◆ WHAT THIS TASK INVOLVES
Without including any images, output the listing below exactly.

◆ DATASET CONTENT
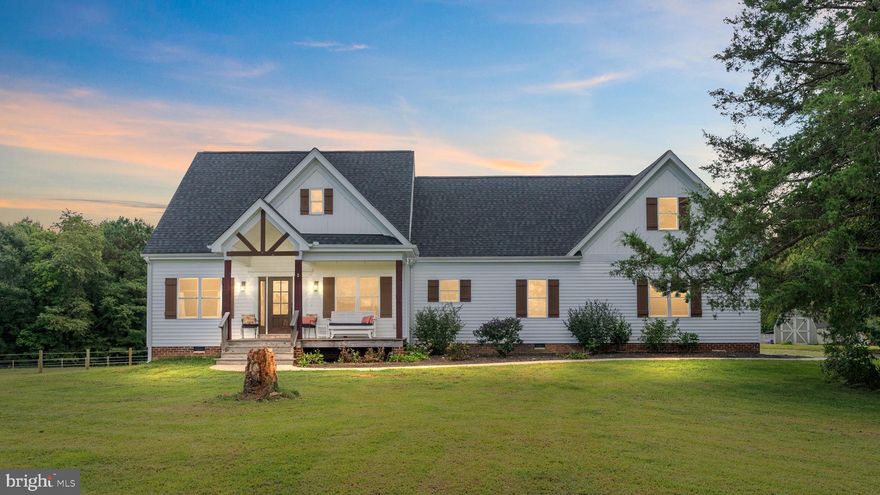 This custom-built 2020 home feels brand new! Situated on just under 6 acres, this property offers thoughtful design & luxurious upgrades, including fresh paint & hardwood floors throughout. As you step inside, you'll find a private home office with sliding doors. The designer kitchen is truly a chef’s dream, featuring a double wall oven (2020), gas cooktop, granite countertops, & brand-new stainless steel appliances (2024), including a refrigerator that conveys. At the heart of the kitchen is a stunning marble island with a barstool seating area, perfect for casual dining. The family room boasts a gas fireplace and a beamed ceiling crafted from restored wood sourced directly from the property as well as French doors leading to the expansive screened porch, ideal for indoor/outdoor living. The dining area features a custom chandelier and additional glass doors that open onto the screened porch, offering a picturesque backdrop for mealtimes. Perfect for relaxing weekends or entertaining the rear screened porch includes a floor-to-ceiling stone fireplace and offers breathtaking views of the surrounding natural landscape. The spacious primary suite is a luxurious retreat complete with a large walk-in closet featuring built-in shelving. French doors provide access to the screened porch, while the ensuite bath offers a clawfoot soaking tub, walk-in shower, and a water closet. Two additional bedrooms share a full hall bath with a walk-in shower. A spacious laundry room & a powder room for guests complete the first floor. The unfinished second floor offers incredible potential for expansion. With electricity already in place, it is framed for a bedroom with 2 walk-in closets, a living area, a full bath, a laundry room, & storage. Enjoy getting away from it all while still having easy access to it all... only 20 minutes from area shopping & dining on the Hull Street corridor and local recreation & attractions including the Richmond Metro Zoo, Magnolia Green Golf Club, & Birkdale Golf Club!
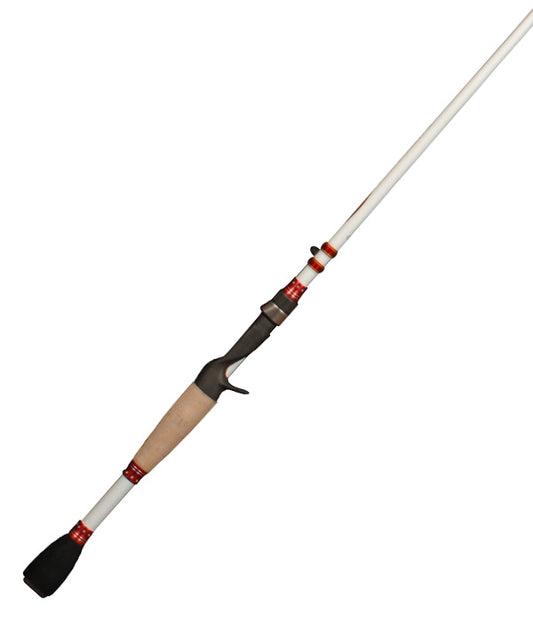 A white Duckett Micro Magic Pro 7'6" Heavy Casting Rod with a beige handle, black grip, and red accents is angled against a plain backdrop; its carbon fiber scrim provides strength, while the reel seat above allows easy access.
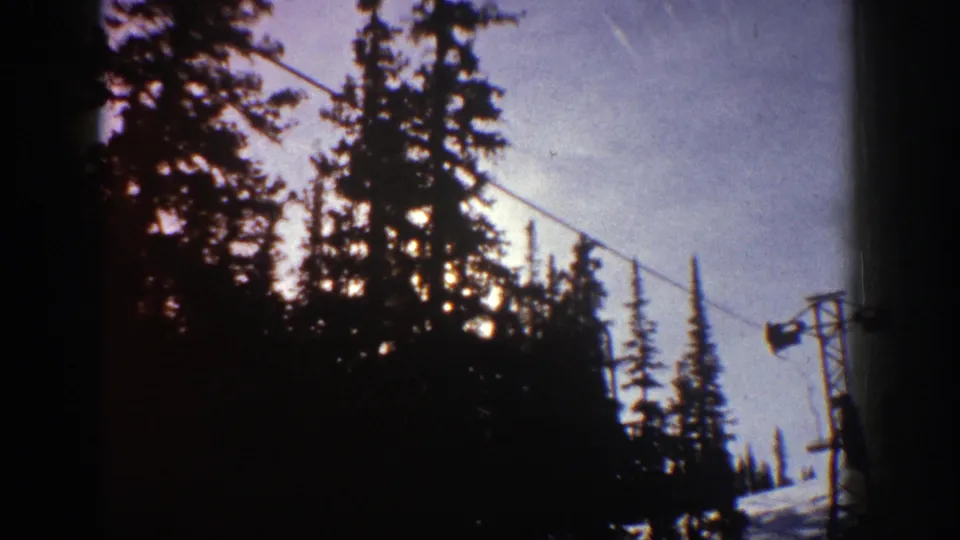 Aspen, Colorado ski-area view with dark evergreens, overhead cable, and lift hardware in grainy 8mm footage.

◆ RESULT
 This custom-built 2020 home feels brand new! Situated on just under 6 acres, this property offers thoughtful design & luxurious upgrades, including fresh paint & hardwood floors throughout. As you step inside, you'll find a private home office with sliding doors. The designer kitchen is truly a chef’s dream, featuring a double wall oven (2020), gas cooktop, granite countertops, & brand-new stainless steel appliances (2024), including a refrigerator that conveys. At the heart of the kitchen is a stunning marble island with a barstool seating area, perfect for casual dining. The family room boasts a gas fireplace and a beamed ceiling crafted from restored wood sourced directly from the property as well as French doors leading to the expansive screened porch, ideal for indoor/outdoor living. The dining area features a custom chandelier and additional glass doors that open onto the screened porch, offering a picturesque backdrop for mealtimes. Perfect for relaxing weekends or entertaining the rear screened porch includes a floor-to-ceiling stone fireplace and offers breathtaking views of the surrounding natural landscape. The spacious primary suite is a luxurious retreat complete with a large walk-in closet featuring built-in shelving. French doors provide access to the screened porch, while the ensuite bath offers a clawfoot soaking tub, walk-in shower, and a water closet. Two additional bedrooms share a full hall bath with a walk-in shower. A spacious laundry room & a powder room for guests complete the first floor. The unfinished second floor offers incredible potential for expansion. With electricity already in place, it is framed for a bedroom with 2 walk-in closets, a living area, a full bath, a laundry room, & storage. Enjoy getting away from it all while still having easy access to it all... only 20 minutes from area shopping & dining on the Hull Street corridor and local recreation & attractions including the Richmond Metro Zoo, Magnolia Green Golf Club, & Birkdale Golf Club!
 A white Duckett Micro Magic Pro 7'6" Heavy Casting Rod with a beige handle, black grip, and red accents is angled against a plain backdrop; its carbon fiber scrim provides strength, while the reel seat above allows easy access.
 Aspen, Colorado ski-area view with dark evergreens, overhead cable, and lift hardware in grainy 8mm footage.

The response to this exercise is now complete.